Sustainable regional corn yield prediction for the United States through interpretable machine learning approach
摘要
Considering crop yield prediction as critical to optimizing agricultural practices and food security, this question is critical to U.S. agricultural planning and regional food security; relevant research on corn, one of the essential crops, must focus on the accurate methods for predicting this crop. It has been discussed that yield prediction models generally rely on simplistic approaches, which fail to capture complex, non-linear relationships in agricultural data.

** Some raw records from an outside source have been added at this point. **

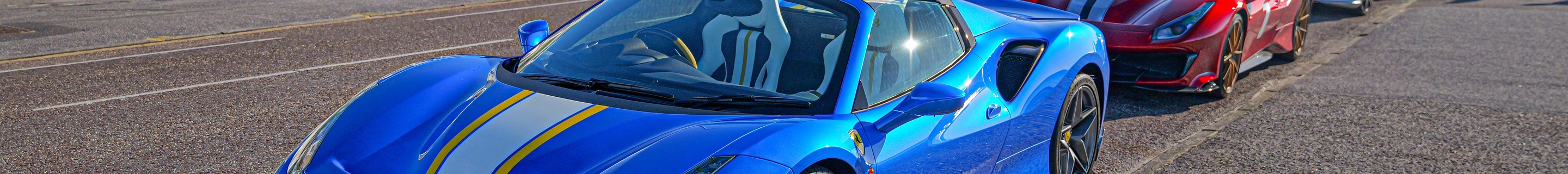 Ferrari 488 Pista Spider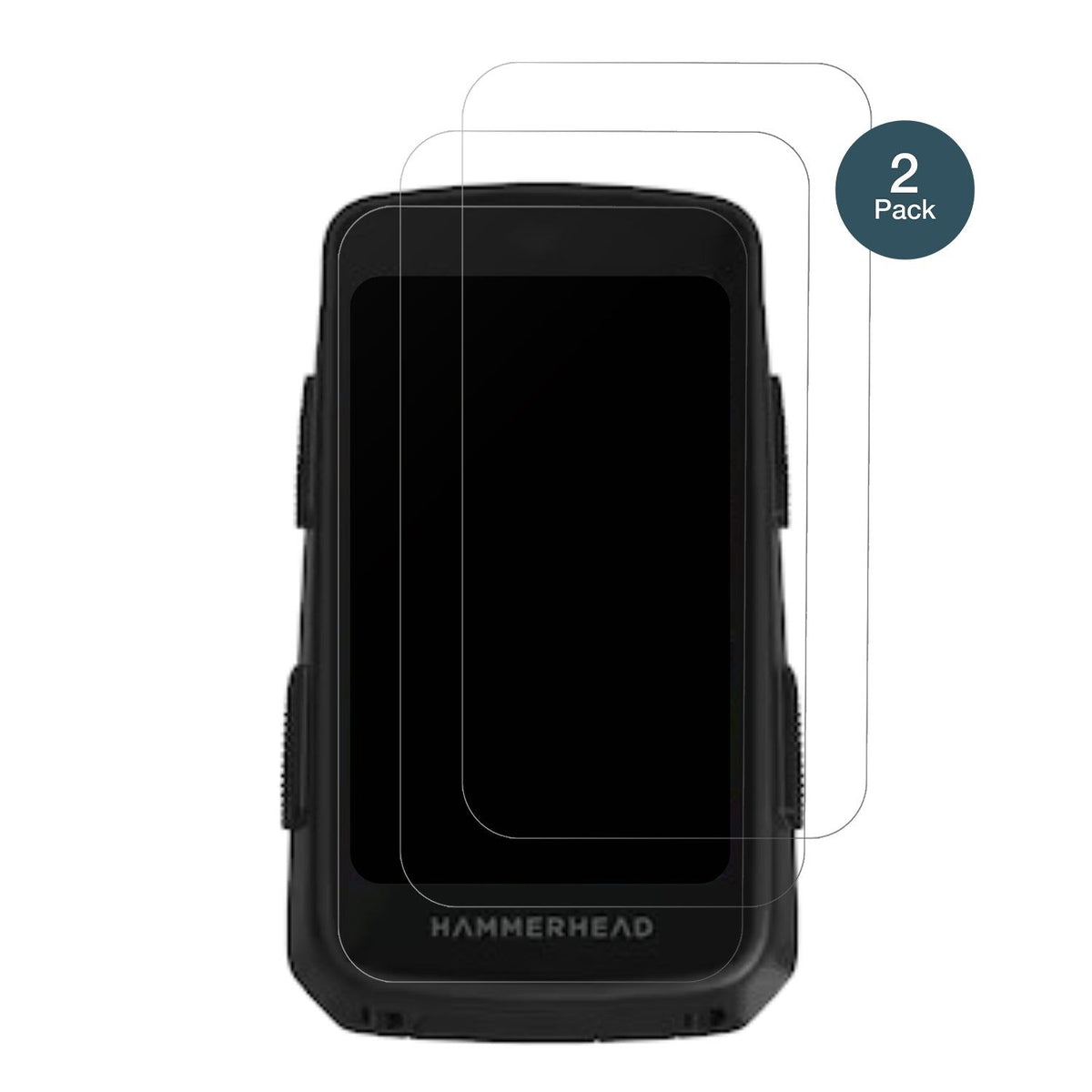 2x Screen Protector for Hammerhead Karoo 3 matte Flexible Glass 9H dipos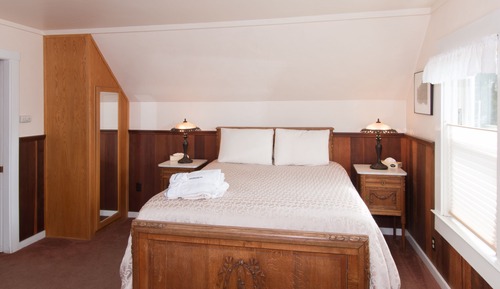 Habitación clásica, 1 cama de matrimonio, chimenea (River Gate Room, 2nd floor, NO PETS)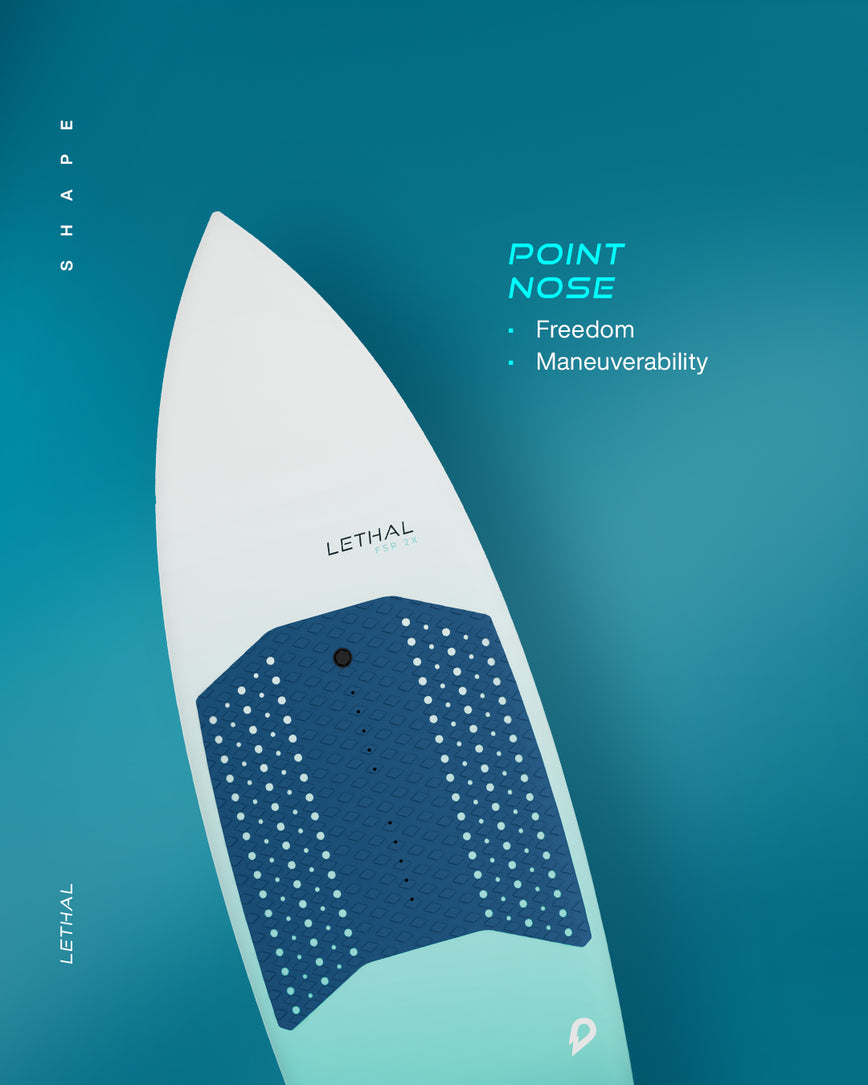 GONG | Kiteboard Lethal FSP 2X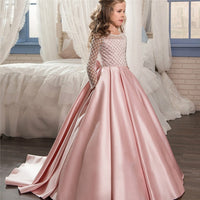 Flower Girls Dresses / Wedding Party Gown - Lillie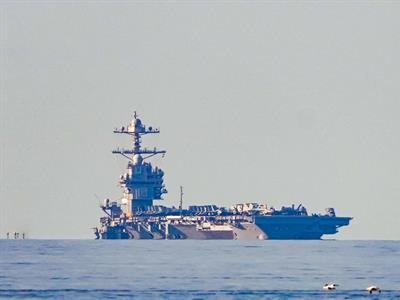 Presencia militar de EE. UU. en el Caribe y el Pacífico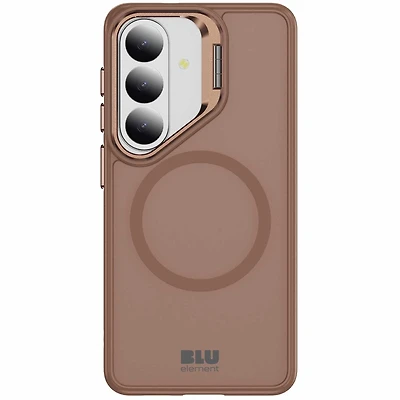 Blu Element Chromatic Kick w/Magnets Case Brown for Samsung Galaxy S26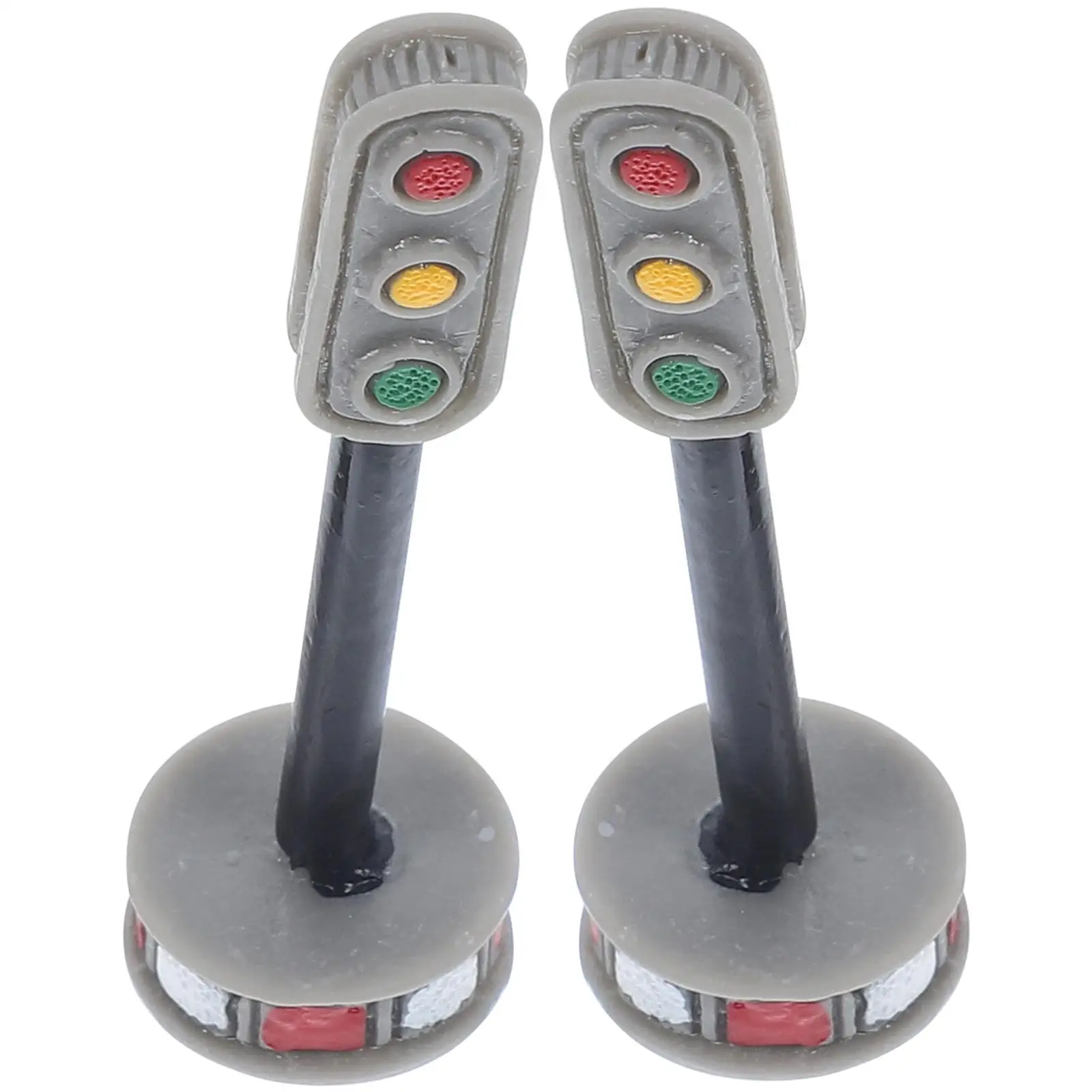 2 Pcs Traffic Light Model Miniature Lamp Toys Kids Playsets Educational Decorative Christmas House Kit Street Lamps
2 Pcs Traffic Light Model Miniature Lamp Toys Kids Playsets Educational Decorative Christmas House Kit Street Lamps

This work fills the knowledge gap by making use of advanced machine-learning techniques to improve the accuracy of corn yield prediction. This study focuses on county-level regional forecasting(U.S) to support agricultural policy and supply chain planning rather than field-specific management decisions. The methodology is in line with the Special Section on Sustainable Computing for Next-Generation Low-Carbon Agricultural Consumer Electronics by designing a data-efficient algorithm that focuses on the Random Forest Classifier, Gradient Boosting Classifier, and Ensemble Voting Classifier. The development of this model entailed the pre-processing of historical data concerning corn yield, defining pertinent attributes, and assessing the confusion matrix, ROC curve, and SHAP values for explainability. This work proposes an ensemble model which has achieved remarkable accuracy and robustness, excelling in performance relative to the existing approaches. The model has also made solid predictions, with a precision, recall, and F1-score of 0.92 and a training accuracy of 0.97. The SHAP further enhances transparency into the features that drive predictions, hence making the model more interpretable. This is of great importance to agricultural planning; this would most probably offer a sound instrument to predict corn yield and optimize resources in agricultural consumer practices. This paper strongly advocates energy-efficient algorithm design, intelligent applications, sustainable computing, efficiency, environmental impact, and resource recycling to drive toward sustainable and efficient corn yield prediction.